It may look like a mid-70s prog rock album cover, but this is actually an illustration of the potential future of thermonuclear energy production in progress.
The image comes from the National Ignition Facility, which opened this week in California and aims to use lasers to turn tiny pellets of hydrogen into thermonuclear energy, as the UK Guardian newspaper explains:
Inside the building, scientists will use the world’s most powerful laser to create 192 separate beams of light that will be directed at a bead of frozen hydrogen in a violent burst lasting five billionths of a second. Each fuel pellet measures just two millimetres across but costs around $40,000, because they must be perfectly spherical to ensure they collapse properly when the laser light strikes.

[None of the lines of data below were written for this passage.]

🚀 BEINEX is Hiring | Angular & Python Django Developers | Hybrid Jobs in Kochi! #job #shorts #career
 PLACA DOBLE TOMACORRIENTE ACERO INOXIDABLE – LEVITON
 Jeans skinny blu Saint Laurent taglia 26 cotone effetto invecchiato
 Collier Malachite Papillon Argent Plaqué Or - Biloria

The intense beams produce a powerful shockwave that crunches the fuel pellet at a million miles an hour, generating temperatures of around 100,000,000C. Under such extreme conditions, which are found only in the core of stars, the hydrogen atoms will fuse, producing helium and vast amounts of energy.
Don’t expect a speedy answer as to whether the theory will hold up in practice; the experiments – which are scheduled to continue until 2040 – will not even reach full intensity for another 12 months. But, considering that it’s taken almost 15 years to get the facility built, I’m assuming that everyone involved is already fine with the patience thing.